AguaClara / Coagulant_nanoparticle_attachment_rate_characterization-DEPRECATED

3 stars 3 forks source link

Python code to extract data from ProCoDa datalog #16

Open DesireeJSausele opened 6 years ago

DesireeJSausele commented 6 years ago

Monroe mentioned that there is python code that can extract data from procoda files. Can you help us locate it/explain how it works?

HannahSi commented 6 years ago

Hi Desiree, Sorry the delay, I just released the python code for extracting data from ProCoDa files today! I'll be writing more formal documentation soon about how to use it, but here are some quick guidelines:

First, pip install the aguaclara package in your terminal.

pip install aguaclara

You can browse through the contents of this package in this Github repository. For our purposes, we'll be focusing on the procoda_parser.py module in the aguaclara.research subpackage.

This module contains a function called get_data_by_state(), which takes as inputs:

The output of the function is a 3-dimension list (list of lists of lists), where the "smallest" lists are lists of time and data (from your desired column) from the ProCoDA datalog, the next level of lists contains contains a time and data column pair for a single iteration of your state, and the top level of lists contains these lists for each iteration. If that didn't make sense, don't worry! It might help to look at a template below for graphing the output of this function.

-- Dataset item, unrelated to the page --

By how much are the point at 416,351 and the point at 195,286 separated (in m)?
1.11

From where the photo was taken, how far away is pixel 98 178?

We first need these import statements:

from aguaclara.research.procoda_parser import get_data_by_state
import matplotlib.pyplot as plt

Then call the function and set the output to a variable. The two lines show how to input either one or multiple dates.

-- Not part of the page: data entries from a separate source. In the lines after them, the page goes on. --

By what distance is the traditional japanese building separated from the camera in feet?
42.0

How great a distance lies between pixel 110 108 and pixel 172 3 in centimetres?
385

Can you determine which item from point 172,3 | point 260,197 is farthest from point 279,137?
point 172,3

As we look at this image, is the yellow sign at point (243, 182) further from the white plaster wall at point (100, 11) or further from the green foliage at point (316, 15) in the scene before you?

data=get_data_by_state(path='/Users/.../data/', dates='6-19-2013', state=1, column=1)
data=get_data_by_state(path='/Users/.../data/', dates=['6-19-2013', '6-20-2013'], state=1, column=1)

Finally, graph the time column versus the column for each iteration of the state. Note that i[:,0] represents time and i[:,1] represents data.

for i in data:
    start_time=i[0,0]
    plt.plot(i[:,0]-start_time, i[:,1])
plt.show()

As for linear regression statistics, which I believe you wanted to calculate for each iteration, you can use the lingress function from scipy.stats. (If the scipy package wasn't downloaded with your Python, you can install it with "pip install scipy".)

Let me know if anything is confusing or want to talk about something in person!